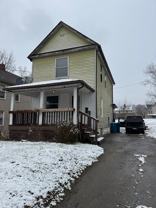 60 Charles St - Photo 1 of 1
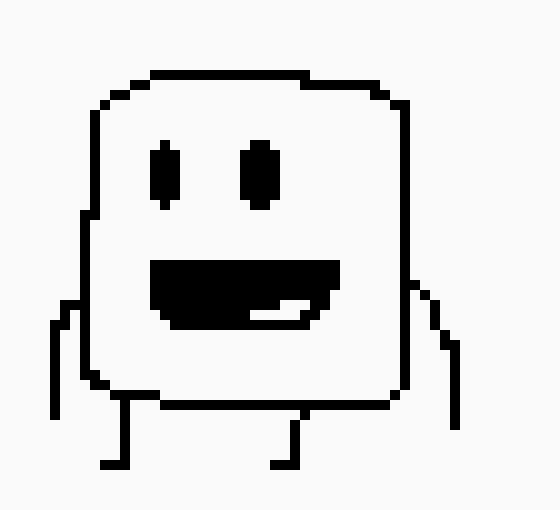 [efd013] Heres a habzin hotel meme i found somewhere https://cdn.discordapp.com/attachments/388380437430403084/654686871934337044/IMG_20191212_091006.jpg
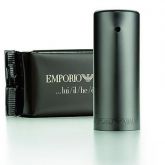EMPORIO ARMANI EDT MASC 50ML  COD 868003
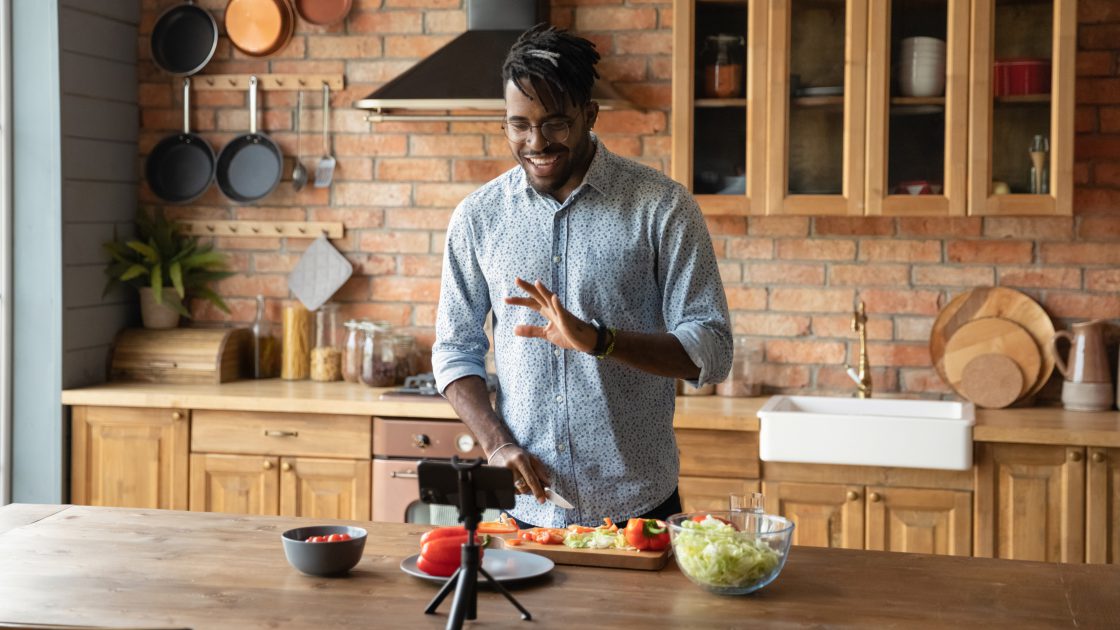online-cooking-meetup_new-year-resolutions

* Prompt: If you see a picture in the listing, skip it while copying everything else exactly.

* Written solution:
 60 Charles St - Photo 1 of 1
 [efd013] Heres a habzin hotel meme i found somewhere https://cdn.discordapp.com/attachments/388380437430403084/654686871934337044/IMG_20191212_091006.jpg
EMPORIO ARMANI EDT MASC 50ML  COD 868003
online-cooking-meetup_new-year-resolutions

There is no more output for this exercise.